A casa do meu avô... nunca pensei que ela acabasse, tudo lá
parecia impregnado de eternidade.
Manuel Bandeira

A casa do meu avô foi diferente, continua lá: linda, acolhedora, bem cuidada,
guardiã de segredos, amores vividos, amores acabados, carinhos e muita saudade. Saudades de todos que já se foram mas são lembrados com alegria. Saudade de tudo que vivemos lá, na casa do meu avô... Tudo isso, graças ao cuidado e zelo das minhas tias Nadyege e Idelvita, que tentam de todas as maneiras conservá-la. Cada canto tem a sua história, as cadeiras na calçada que continuam embalando as conversas nas noites frias, a mesa grande e farta, o barulho dos chocalhos do gado ao amanhecer, o canto maravilhoso dos pássaros, o cheiro do café com tapioca, cuscuz, queijo assado, coalhada.

Saímos de Fortaleza na quinta-feira pela manhã. A chuva nos acompanhou durante a viagem. Asfalto molhado, o sol escondido e a vontade de chegar logo ao destino. Eramos sete, os visitantes. Na chegada, palmas, choro e muita risada. A turma de lá é bem maior. Didi, Idel, Gertrudes e Rosário (são suas "filhas", adotadas ainda crianças). A Camila que é filha do Beto e da Luiza já está morando com as tias, precisa estudar. Inteligente, educada e muito sabida para os seus sete anos. Beto toma conta da fazenda ajudado por Anchieta e Manoel, irmãos de Luiza.

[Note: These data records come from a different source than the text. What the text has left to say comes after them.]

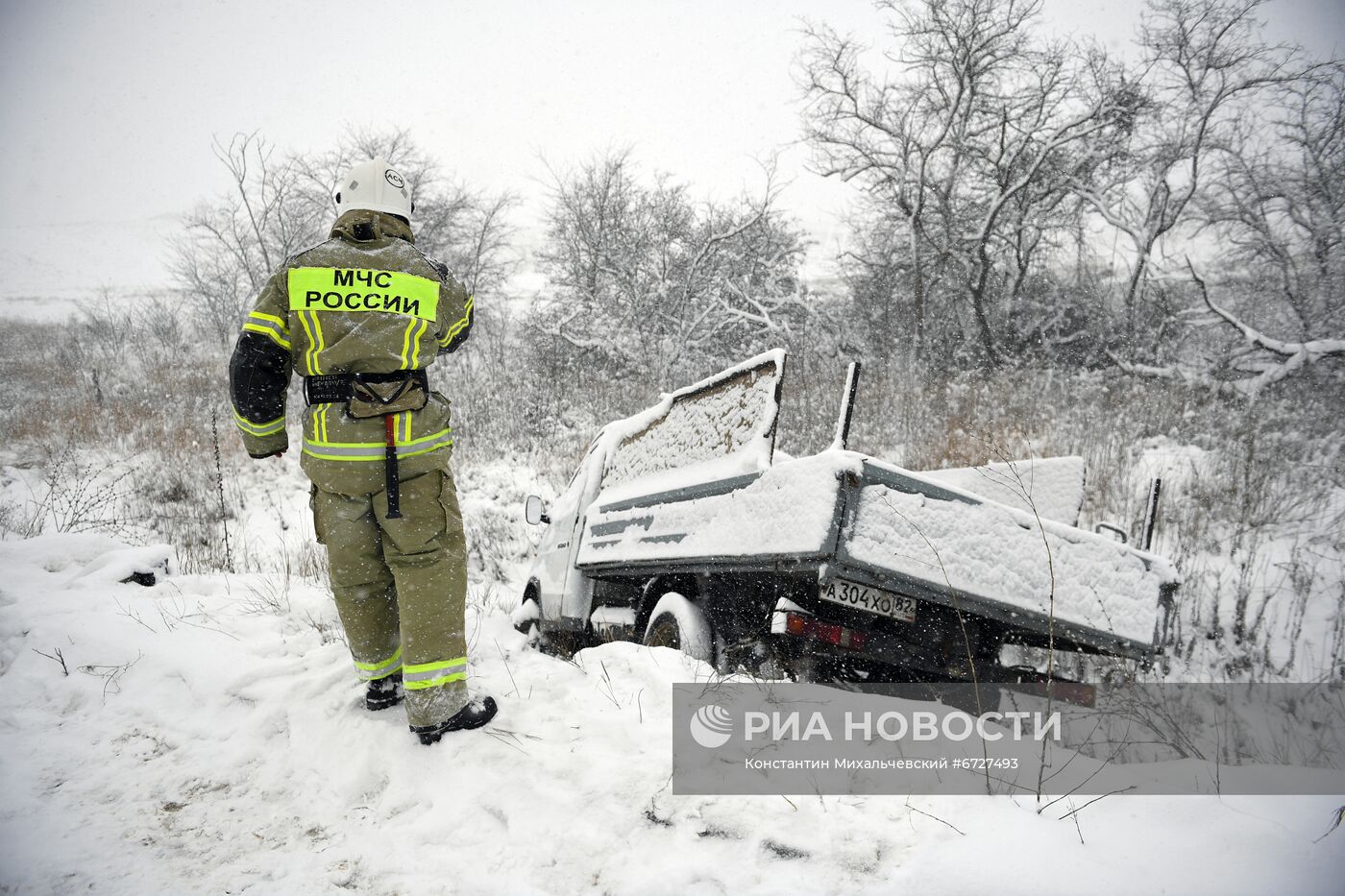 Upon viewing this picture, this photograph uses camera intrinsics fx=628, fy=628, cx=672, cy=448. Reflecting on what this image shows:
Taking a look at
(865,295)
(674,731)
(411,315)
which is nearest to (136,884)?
(674,731)

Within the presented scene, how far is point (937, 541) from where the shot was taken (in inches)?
101

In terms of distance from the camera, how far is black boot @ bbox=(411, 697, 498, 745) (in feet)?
8.04

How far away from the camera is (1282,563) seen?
203 inches

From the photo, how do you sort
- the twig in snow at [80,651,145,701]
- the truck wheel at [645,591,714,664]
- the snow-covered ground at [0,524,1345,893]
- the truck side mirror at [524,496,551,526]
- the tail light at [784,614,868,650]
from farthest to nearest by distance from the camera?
the truck side mirror at [524,496,551,526] → the truck wheel at [645,591,714,664] → the twig in snow at [80,651,145,701] → the tail light at [784,614,868,650] → the snow-covered ground at [0,524,1345,893]

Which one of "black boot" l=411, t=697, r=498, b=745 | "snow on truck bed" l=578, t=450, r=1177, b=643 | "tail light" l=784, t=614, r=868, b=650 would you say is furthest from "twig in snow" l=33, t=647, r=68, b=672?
"tail light" l=784, t=614, r=868, b=650

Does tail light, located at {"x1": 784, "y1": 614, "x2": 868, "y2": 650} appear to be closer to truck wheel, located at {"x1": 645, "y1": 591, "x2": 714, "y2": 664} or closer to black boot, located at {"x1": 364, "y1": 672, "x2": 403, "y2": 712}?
truck wheel, located at {"x1": 645, "y1": 591, "x2": 714, "y2": 664}

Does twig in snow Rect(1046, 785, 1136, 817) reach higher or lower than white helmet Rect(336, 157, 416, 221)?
lower

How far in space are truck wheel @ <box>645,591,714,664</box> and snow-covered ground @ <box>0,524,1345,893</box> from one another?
12cm

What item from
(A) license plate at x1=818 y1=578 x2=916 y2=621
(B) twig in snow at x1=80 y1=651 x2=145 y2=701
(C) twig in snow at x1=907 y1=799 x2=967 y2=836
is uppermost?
(A) license plate at x1=818 y1=578 x2=916 y2=621

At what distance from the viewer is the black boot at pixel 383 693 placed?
8.90 feet

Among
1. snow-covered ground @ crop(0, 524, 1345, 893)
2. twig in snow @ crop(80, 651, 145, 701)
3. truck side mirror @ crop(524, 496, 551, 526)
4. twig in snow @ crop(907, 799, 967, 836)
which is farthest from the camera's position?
truck side mirror @ crop(524, 496, 551, 526)

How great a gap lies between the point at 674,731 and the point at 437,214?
57.8ft

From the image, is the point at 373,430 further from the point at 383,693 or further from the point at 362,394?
the point at 383,693

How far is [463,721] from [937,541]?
2.06 m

Anchieta é casado com Marta. Maria é a matriarca dessa família, é muito querida por todos nós. É muito engraçada e dedicada. O passeio durou três dias e pareceu dez.

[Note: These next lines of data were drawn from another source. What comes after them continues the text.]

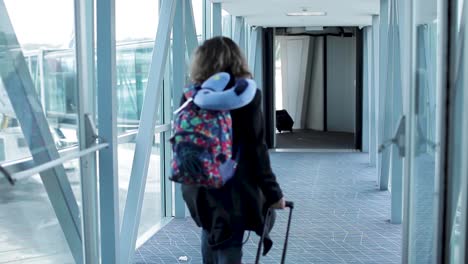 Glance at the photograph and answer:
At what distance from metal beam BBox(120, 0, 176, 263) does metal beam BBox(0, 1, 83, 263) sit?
66 centimetres

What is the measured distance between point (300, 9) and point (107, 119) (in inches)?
235

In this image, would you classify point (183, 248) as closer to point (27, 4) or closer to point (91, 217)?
point (91, 217)

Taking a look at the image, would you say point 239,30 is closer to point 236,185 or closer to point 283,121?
point 283,121

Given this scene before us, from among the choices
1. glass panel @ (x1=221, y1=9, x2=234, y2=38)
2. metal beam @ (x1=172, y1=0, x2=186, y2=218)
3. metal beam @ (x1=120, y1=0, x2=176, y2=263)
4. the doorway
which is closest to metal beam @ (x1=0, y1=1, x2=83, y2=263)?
metal beam @ (x1=120, y1=0, x2=176, y2=263)

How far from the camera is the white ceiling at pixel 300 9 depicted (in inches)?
351

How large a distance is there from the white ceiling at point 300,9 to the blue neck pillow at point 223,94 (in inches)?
223

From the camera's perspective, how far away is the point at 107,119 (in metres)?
4.41

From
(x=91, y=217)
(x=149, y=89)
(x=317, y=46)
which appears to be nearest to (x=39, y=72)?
(x=91, y=217)

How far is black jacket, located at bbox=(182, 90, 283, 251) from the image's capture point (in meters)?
2.88

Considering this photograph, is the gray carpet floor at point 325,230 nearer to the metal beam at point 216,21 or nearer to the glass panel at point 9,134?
the glass panel at point 9,134

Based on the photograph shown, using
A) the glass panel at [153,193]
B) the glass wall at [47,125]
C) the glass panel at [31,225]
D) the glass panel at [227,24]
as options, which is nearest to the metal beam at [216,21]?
the glass panel at [153,193]

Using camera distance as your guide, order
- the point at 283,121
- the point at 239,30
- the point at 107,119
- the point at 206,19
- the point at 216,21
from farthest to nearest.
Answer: the point at 283,121, the point at 239,30, the point at 206,19, the point at 216,21, the point at 107,119

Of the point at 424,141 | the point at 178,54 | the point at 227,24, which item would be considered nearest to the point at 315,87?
the point at 227,24

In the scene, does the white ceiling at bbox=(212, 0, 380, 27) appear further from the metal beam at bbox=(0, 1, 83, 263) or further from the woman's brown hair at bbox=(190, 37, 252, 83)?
the woman's brown hair at bbox=(190, 37, 252, 83) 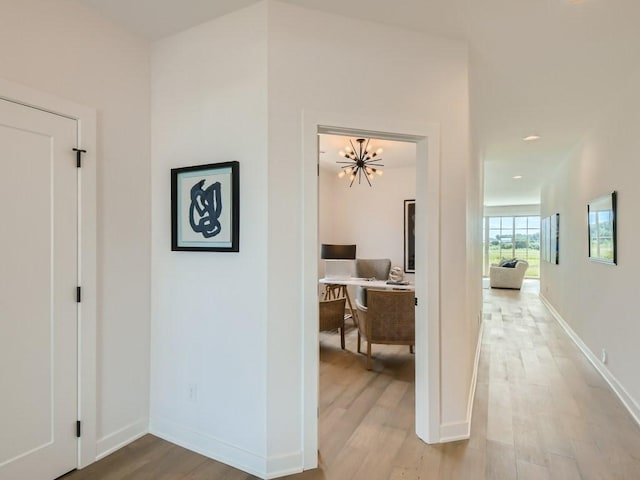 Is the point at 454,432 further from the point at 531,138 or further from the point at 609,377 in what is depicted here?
the point at 531,138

Falamos das lembranças, foi uma convivência alegre, tranquila, amorosa. Stenio inquieto, contador de histórias, de amores acabados e futuros amores. José Gerardo é o retrato da paz, da tranquilidade, do bom senso, Meire Celi nos deu muitas lições de garra e coragem na luta diuturna da sua recuperação, Lulu e Hesíodo vivendo um amor cheio de ternura, de atenção, esse amor que a gente fica feliz de poder acompanhar de perto. William sempre com suas brincadeiras e é muito querido de todos. Amei o passeio, fizemos planos. Planos que poderão ou não ser realizados. Na despedida o choro foi maior... era domingo, cedinho enfrentamos a estrada de volta e novamente a chuva nos acompanhou até Fortaleza.